🤖 AI Summary
This work addresses the limitation of traditional conformal prediction, which relies on a fixed sample size and thus fails to provide valid coverage guarantees at arbitrary time points in streaming data settings. The authors extend conformal prediction and the PAC framework to the sequential setting, achieving— for the first time—time-uniform prediction sets that remain valid under dynamically updated models and even when evaluation occurs at data-dependent stopping times.
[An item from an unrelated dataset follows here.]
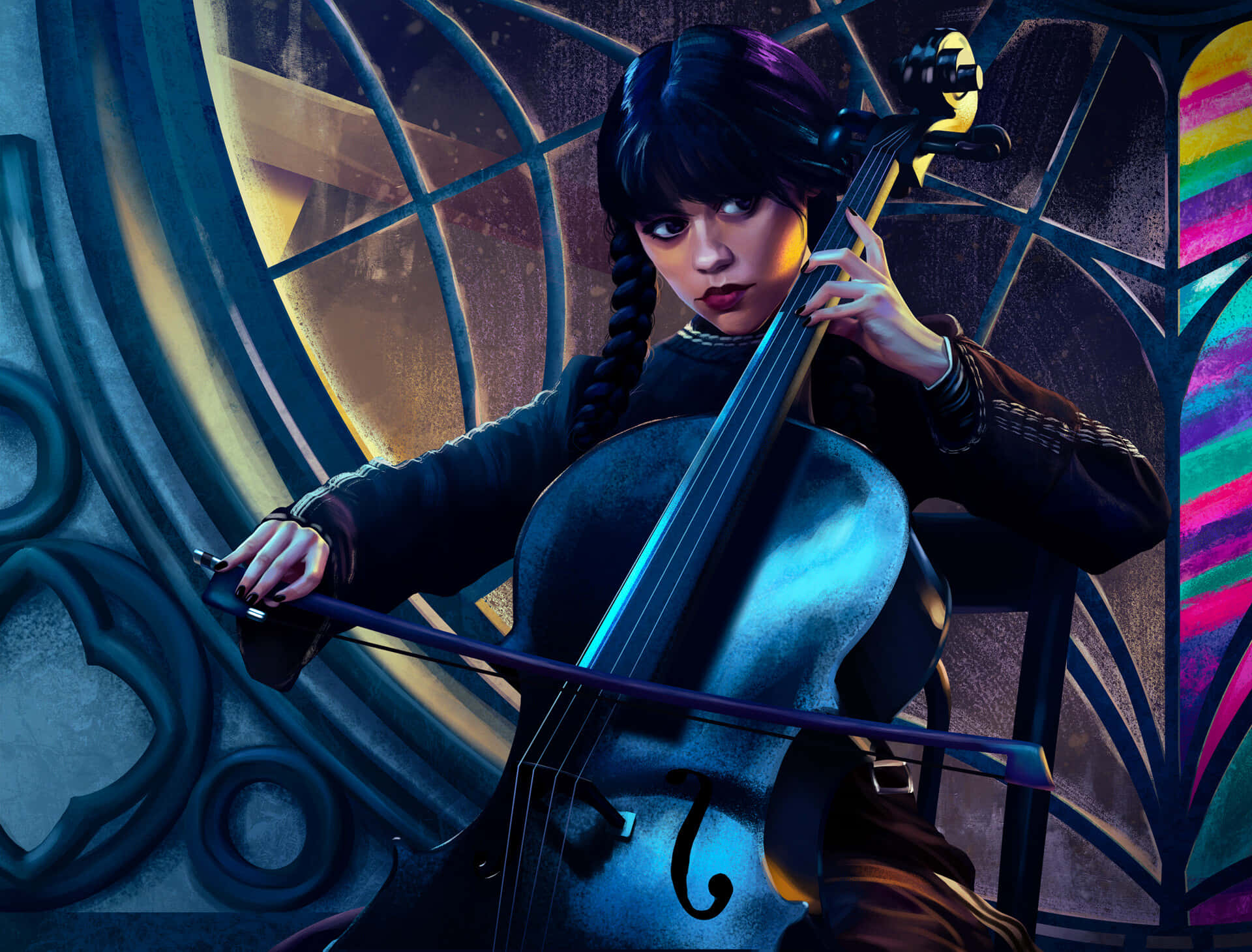 Wednesday Addams, cello, stained glass windows, Full HD Desktop Wallpaper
Their approach integrates time-uniform conformal theory, sequential hypothesis testing, and probabilistic inequalities to construct prediction intervals with guaranteed coverage at any stopping time. Empirical evaluations on both synthetic and real-world datasets demonstrate the method’s theoretical soundness and practical utility.
📝 Abstract
Given that machine learning algorithms are increasingly being deployed to aid in high stakes decision-making, uncertainty quantification methods that wrap around these black box models such as conformal prediction have received much attention in recent years. In sequential settings, where data are observed/generated in a streaming fashion, traditional conformal methods do not provide any guarantee without fixing the sample size. More importantly, traditional conformal methods cannot cope with sequentially updated predictions. As such, we develop an extension of the conformal prediction and related probably approximately correct (PAC) prediction frameworks to sequential settings where the number of data points is not fixed in advance. The resulting prediction sets are anytime-valid in that their expected coverage is at the required level at any time chosen by the analyst even if this choice depends on the data. We present theoretical guarantees for our proposed methods and demonstrate their validity and utility on simulated and real datasets.